[Scraped caption text data]

┌──

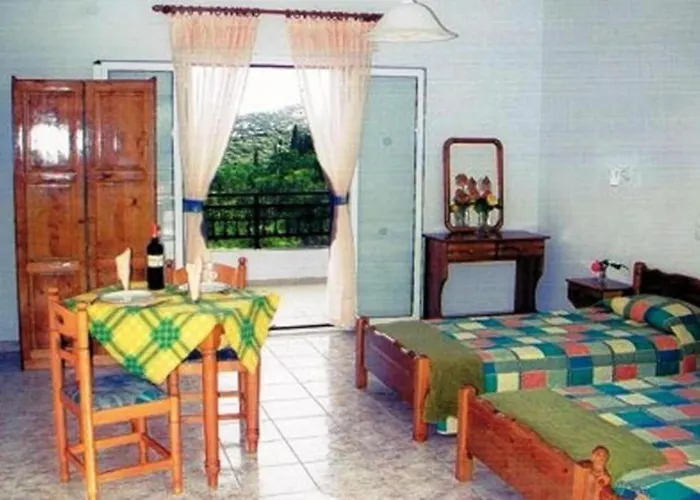 Lygies Aparthotel 2*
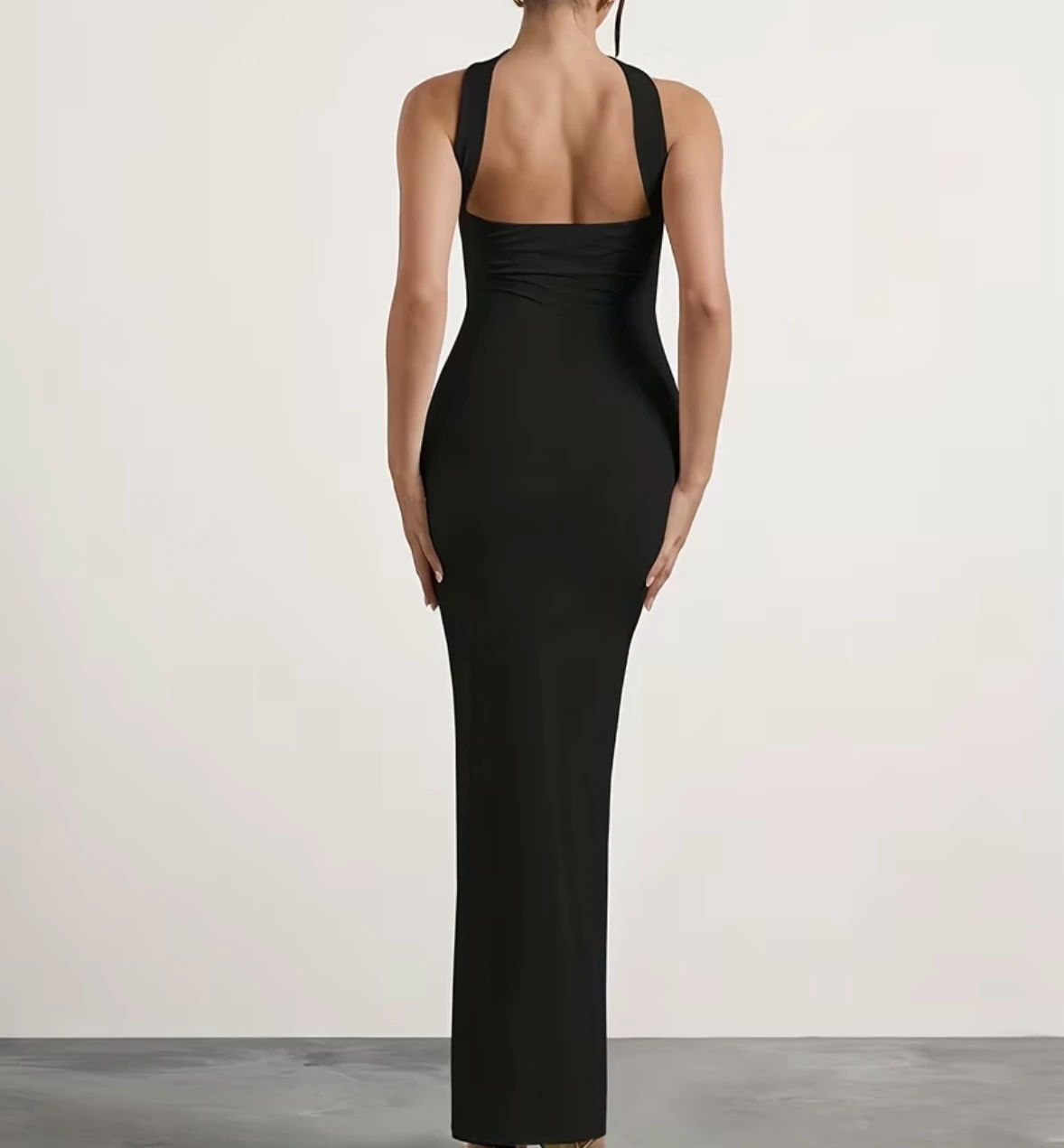 Crna elegantna haljina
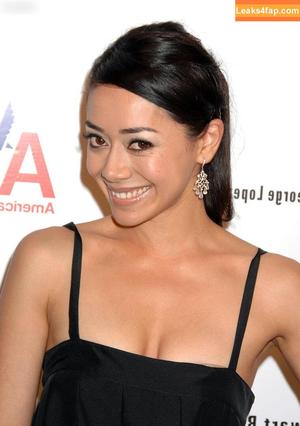 Aimee Garcia photo #0193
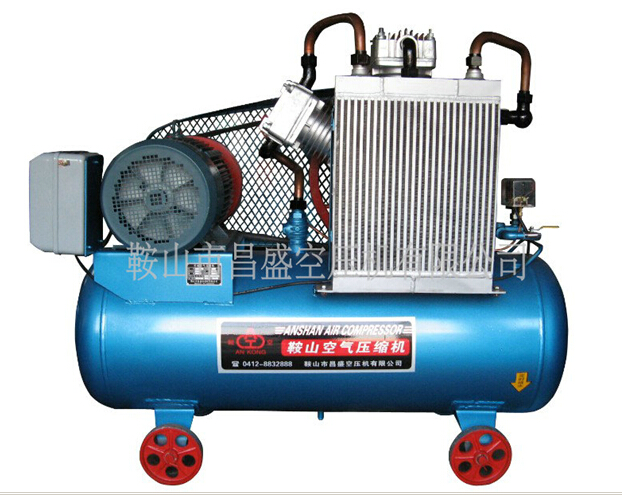 【噴漆無(wú)油空壓機(jī)】的操作規(guī)程。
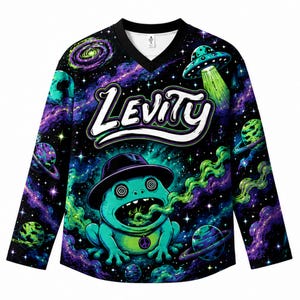 Op de afbeelding: Zwart shirt met lange mouwen en een V-hals met een ruimte-thema grafisch ontwerp. Het ontwerp bevat een kikker met een hoed, planeten, een UFO en het woord "Levity" in wit en groen. Het shirt heeft een zwarte kraag.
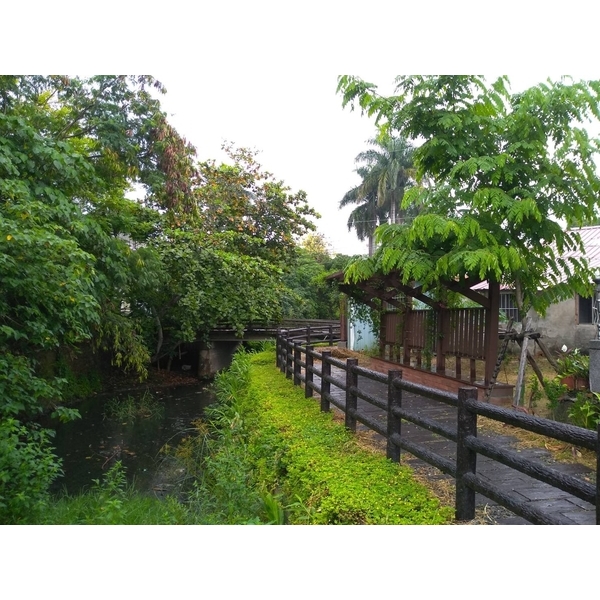 仿木欄桿及枕木步道-三榮建材工業股份有限公司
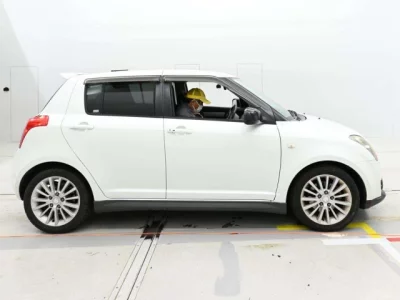 Suzuki SWIFT  с аукциона в Японии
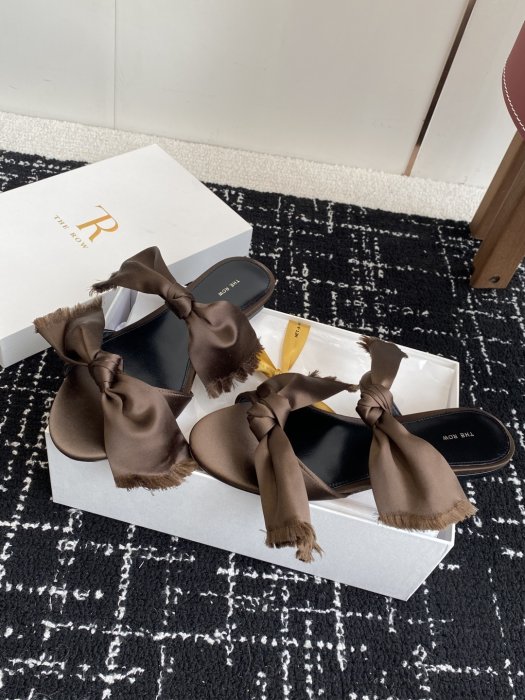 Босоножки фото 3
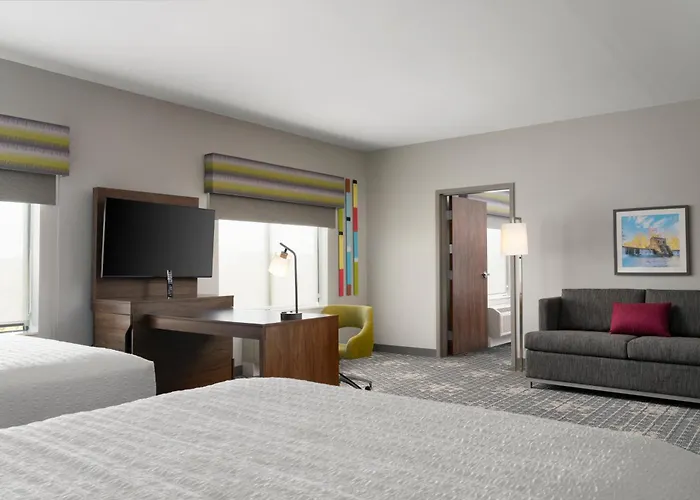 Hampton Inn & Suites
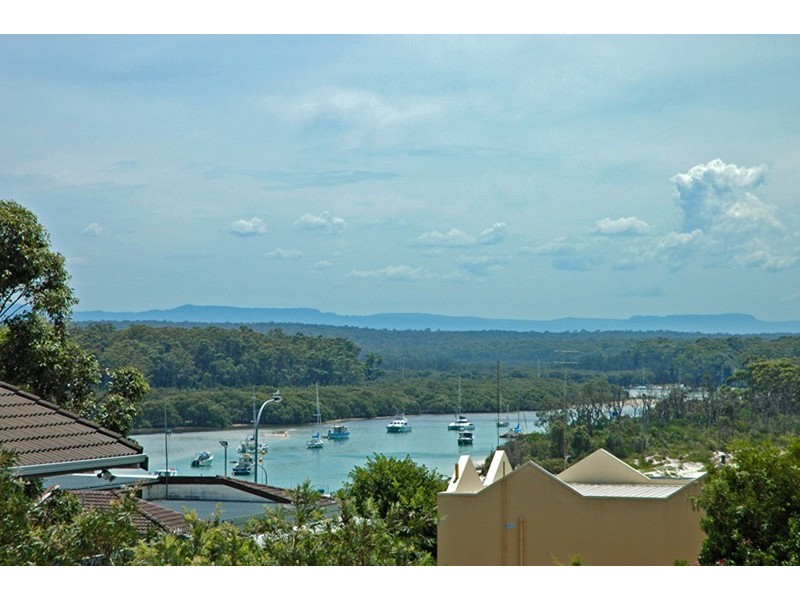 13  Hawke St, Huskisson NSW 2540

└──

### Your objective
Exactly the lines from the one that contains "Crna elegantna haljina" through the last line of the records should be set down, and the pictures should be dropped.

### Answer
 Crna elegantna haljina
 Aimee Garcia photo #0193
 【噴漆無(wú)油空壓機(jī)】的操作規(guī)程。
 Op de afbeelding: Zwart shirt met lange mouwen en een V-hals met een ruimte-thema grafisch ontwerp. Het ontwerp bevat een kikker met een hoed, planeten, een UFO en het woord "Levity" in wit en groen. Het shirt heeft een zwarte kraag.
 仿木欄桿及枕木步道-三榮建材工業股份有限公司
 Suzuki SWIFT  с аукциона в Японии
 Босоножки фото 3
 Hampton Inn & Suites
 13  Hawke St, Huskisson NSW 2540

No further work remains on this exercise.